Oil and Gas
The refining division of a super-major oil and gas company piloted an automated approach for integrating, organizing and managing operational data. The company engaged Element to determine if operational data could be used to address an issue at one of its refineries.
Working with Element, the company predicted it would save at least $3.5M per year for the refinery.
Additionally, the ability to efficiently collect and manage the operational data, along with the resulting analysis, led to several results. These included for the first time, having a data-driven understanding of the extent of the problem as well as the ability to identify the root cause of any issues.
For decades, oil companies have excelled at finding and efficiently processing crude oil. The operational data from this activity, when organized and analyzed properly, can reduce downtime, increase efficiency, and grow profits. Unfortunately, at this company, the operational data created by these efforts was disorganized, fragmented, and largely unusable. As a result, making use of this data has proven difficult because tools haven’t existed to efficiently collect, manage and prepare the data to share for analysis. In the end, valuable insights have remained buried.
Recently, the company piloted an automated approach for integrating, organizing and managing operational data. The work paved the way for data analysis and cost savings
The company engaged Element to determine if operational data could be used to address an issue at one of its refineries. For more than seven years, refinery engineers had reduced the throughput of a stripper column, used to remove sulfur-containing compounds from naphtha, because of frequent fluctuations in the column’s liquid levels causing faults.
Reducing throughput was the only way to address the fluctuations but, in the process, the slowdown harmed efficiency and profits and didn’t address the root cause of the problem. The reason for fluid level fluctuations was unknown despite the wealth of operational data from the stripper and other sources. Several refinery employees, including a PhD technologist, searched for the cause but were hampered by the lack of tools.
All I had were process charts, a spreadsheet and my brain. We lacked the organizational capabilities to efficiently and reliably gather and manage data for analysis.
Previous attempts to use the raw data to build diagnostic models had failed to identify the cause. Dozens of staff manually examined detailed spreadsheets, hand-wrote software scripts, and continuously re-prepared and re-organized data to no avail. The cost and time spent on these steps frustrated everyone to the point that productivity and morale suffered. The lack of tools to efficiently and precisely sift through the data needed to be addressed.
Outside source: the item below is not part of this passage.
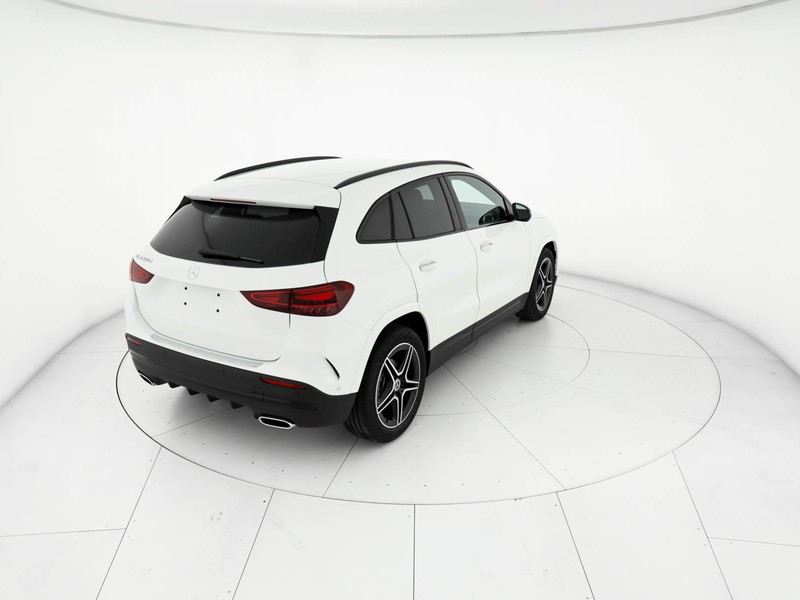 Mercedes GLA 180  d Automatic diesel bianco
The Element team worked with the customer’s project team to conduct an economic analysis.
The following activities were performed:
Element Unify hosted within Elements Azure tenant
Ingest metadata from OSIsoft PI data archives
Design and build equipment-centric Asset Twins based upon the desired attributes of the stripper column and other process equipment
Transform and contextualize data including removing turn around data and creating event labels for faulty periods
Export various hierarchies and raw data as OSIsoft PI Asset Frameworks (AFs) and to the customers Azure storage for use with Microsoft PowerBI, OSIsoft PI Vision, Coresite, and ProcessBook
The project started by working with the operational data using Element Unify, which provided a 360-degree, flexible, data-oriented view of the relationships between processes and equipment, identifying the root cause of the frequent fluctuations in the column’s liquid levels. Raw data from the OSIsoft PI System, totaling 1,600 sensor streams representing seven years of data, was imported into Element Unify deployed on Microsoft Azure.
The data was then translated into flexible, digital representations of the unit’s equipment and operations in the form of asset data models (or Asset Twins). Engineers were able to evaluate and improve the quality of the data on a continuing basis – identifying, for example, a piece of equipment that wasn’t generating enough operational data and fixing the problem by replacing and adding sensors to the equipment. Data was then analyzed by Element and the project team to build a set of diagnostic models to identify deviations occurring in the process prior to each fault. These models were then connected to visualizations in Microsoft PowerBI and OSIsoft PI Vision to support analysis of the historical data.
Working with Element, the company predicted it would save at least $3.5M per year for the refinery.Additionally, the ability to efficiently collect and manage the operational data, along with the resulting analysis, led to several results. These included:
I would never have looked at that part of the process without Element.
Element enabled the customer to shift from analyzing data one sensor at a time to a more extensive approach of analyzing multiple, seemingly unrelated data streams comprehensively. As a result of these findings, a program was developed to limit future excessive heating in the stripper column’s reboiler.